New looks revealed for 3 Hudson Boulevard, the next office tower to rise at Hudson Yards

January 17, 2020

Image courtesy of Gammahaus

A new design–the third so far–has been revealed for 3 Hudson Boulevard, the next office tower to rise at Hudson Yards. Located at the northwest corner of West 34th Street and Hudson Boulevard, the tower, which has long been in planning stages, will have 1.85 million square feet of office space. The latest designs reveal a height of just under 1,000 feet with 56 stories, the New York Post reports. Some floors will have ceilings of almost 30 feet with terraces at the end.

3 Hudson Yards
Image courtesy of Binyan Studios.

The project is being developed by Joseph Moinian’s Moinian Group and Boston Properties, an office real estate investment trust (REIT) at a cost of over $3 billion. As 6sqft previously reported, Moinian first purchased the site from Verizon in 2005 for just over $54 million. The Metropolitan Transportation Authority has used the site for construction staging for the last decade. The tower’s site is next to the new Hudson Boulevard Park.

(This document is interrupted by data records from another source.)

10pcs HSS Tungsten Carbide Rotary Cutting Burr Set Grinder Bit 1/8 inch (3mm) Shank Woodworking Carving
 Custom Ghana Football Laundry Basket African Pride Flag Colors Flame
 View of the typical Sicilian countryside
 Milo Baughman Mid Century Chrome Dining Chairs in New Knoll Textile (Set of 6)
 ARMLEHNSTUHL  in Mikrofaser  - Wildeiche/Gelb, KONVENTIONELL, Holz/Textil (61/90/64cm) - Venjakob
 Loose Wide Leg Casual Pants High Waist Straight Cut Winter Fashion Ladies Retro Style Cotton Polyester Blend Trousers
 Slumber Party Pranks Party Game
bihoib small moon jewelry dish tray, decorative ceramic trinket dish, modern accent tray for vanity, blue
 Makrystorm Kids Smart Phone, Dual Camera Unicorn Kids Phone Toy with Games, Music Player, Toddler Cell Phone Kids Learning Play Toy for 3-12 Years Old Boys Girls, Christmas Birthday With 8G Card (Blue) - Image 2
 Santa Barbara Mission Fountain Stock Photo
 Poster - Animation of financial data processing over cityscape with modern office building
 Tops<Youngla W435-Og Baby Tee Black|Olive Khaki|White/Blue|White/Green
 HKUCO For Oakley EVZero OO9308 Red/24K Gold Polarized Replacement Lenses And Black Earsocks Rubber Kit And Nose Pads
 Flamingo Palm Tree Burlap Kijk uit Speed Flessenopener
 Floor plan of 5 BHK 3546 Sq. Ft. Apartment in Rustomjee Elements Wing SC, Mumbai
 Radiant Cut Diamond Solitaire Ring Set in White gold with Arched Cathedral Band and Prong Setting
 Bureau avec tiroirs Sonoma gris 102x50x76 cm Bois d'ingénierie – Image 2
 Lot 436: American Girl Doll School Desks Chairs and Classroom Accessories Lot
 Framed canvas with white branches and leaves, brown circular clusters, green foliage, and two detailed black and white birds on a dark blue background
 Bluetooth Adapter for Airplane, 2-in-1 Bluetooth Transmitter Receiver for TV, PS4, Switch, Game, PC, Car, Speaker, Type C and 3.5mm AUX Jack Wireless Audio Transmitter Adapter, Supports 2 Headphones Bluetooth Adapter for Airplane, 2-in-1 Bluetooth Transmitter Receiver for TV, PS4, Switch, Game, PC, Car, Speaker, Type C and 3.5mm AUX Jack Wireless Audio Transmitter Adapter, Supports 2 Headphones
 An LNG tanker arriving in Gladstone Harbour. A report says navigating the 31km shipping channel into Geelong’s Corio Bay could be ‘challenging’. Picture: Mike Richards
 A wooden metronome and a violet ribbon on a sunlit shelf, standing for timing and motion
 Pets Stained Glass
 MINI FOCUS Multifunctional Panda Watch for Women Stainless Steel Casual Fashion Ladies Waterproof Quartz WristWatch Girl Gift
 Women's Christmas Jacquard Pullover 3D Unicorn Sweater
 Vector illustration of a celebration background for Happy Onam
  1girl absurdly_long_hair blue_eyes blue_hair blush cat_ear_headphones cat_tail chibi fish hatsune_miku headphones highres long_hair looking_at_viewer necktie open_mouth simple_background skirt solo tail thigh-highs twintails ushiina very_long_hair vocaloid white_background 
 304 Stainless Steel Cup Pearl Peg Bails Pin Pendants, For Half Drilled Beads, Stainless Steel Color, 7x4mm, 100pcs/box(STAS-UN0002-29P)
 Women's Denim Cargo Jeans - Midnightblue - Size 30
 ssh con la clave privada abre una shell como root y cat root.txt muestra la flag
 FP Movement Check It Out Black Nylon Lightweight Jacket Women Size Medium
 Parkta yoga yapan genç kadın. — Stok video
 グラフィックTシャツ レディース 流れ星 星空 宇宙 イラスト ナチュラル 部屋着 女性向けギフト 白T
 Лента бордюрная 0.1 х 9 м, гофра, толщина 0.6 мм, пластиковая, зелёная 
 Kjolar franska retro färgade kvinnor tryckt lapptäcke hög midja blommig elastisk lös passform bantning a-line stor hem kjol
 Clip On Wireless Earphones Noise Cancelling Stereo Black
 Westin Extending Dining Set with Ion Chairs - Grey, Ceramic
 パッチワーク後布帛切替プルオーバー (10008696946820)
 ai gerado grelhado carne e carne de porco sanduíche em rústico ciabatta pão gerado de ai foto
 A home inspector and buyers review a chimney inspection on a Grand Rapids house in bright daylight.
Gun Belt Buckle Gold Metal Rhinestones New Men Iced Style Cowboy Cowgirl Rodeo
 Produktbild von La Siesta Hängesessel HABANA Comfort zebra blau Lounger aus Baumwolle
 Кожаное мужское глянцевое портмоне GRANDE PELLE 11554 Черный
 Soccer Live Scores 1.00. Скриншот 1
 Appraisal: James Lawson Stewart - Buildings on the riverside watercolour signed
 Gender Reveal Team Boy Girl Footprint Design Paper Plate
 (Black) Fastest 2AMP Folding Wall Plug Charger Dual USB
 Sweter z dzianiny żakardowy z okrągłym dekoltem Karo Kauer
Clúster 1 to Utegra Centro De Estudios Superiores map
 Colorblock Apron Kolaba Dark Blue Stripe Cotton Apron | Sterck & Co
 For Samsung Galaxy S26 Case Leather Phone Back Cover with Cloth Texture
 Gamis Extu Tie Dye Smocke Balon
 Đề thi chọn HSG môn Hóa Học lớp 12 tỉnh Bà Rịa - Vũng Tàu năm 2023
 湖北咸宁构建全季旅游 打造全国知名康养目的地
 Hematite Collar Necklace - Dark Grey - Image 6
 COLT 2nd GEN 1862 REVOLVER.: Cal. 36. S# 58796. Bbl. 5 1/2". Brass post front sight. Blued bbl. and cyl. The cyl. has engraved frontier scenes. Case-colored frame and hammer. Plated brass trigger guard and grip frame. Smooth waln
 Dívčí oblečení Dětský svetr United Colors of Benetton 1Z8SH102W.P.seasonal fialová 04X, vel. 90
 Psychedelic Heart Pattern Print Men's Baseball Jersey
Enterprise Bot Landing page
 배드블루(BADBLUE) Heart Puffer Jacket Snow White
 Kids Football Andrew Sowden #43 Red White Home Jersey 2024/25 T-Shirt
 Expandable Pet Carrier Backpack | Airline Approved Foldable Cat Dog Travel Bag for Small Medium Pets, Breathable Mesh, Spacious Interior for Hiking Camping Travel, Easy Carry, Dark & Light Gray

Designed by Dan Kaplan of FXCollaborative with Gensler as a consulting architect, the new designs show that the tower will have some unique features not often found in Manhattan office buildings. A 40-foot-high lobby will host food and beverage offerings from casual to elegant; escalators and stairs will lead to a sky lobby and main elevator bank on the second story.

The center core building has only one support column for floors 3 to 7, which cantilever over the two-story lobby. Moinian told the Post: “It’s very unusual to have one column for a trading-sized floor.”

The building will be clad in high performance glass engineered to limit the heat loads and energy usage that plague such towers and is critical to meeting new city energy targets. Another unique feature: seven floors known as “delighters,” with dazzlingly high ceilings and, in some cases, terraces. Ceilings on these “delighter” floors are either 19.5 or 29 feet high. Of these anything-but-typical floors, Richard Monopoli, senior vice president of development for Boston Properties, told the Post: “They are the best products and they ‘delight’ the customers.”

Rents for the newly-minted Class A office space would start at about $110 per square foot a spot on the lower floors. Significantly sweetening the pot for tenants is a 20 percent, 20-year Hudson Yards tax abatement. The new tower is slated to be ready to delight tenants at the end of 2023.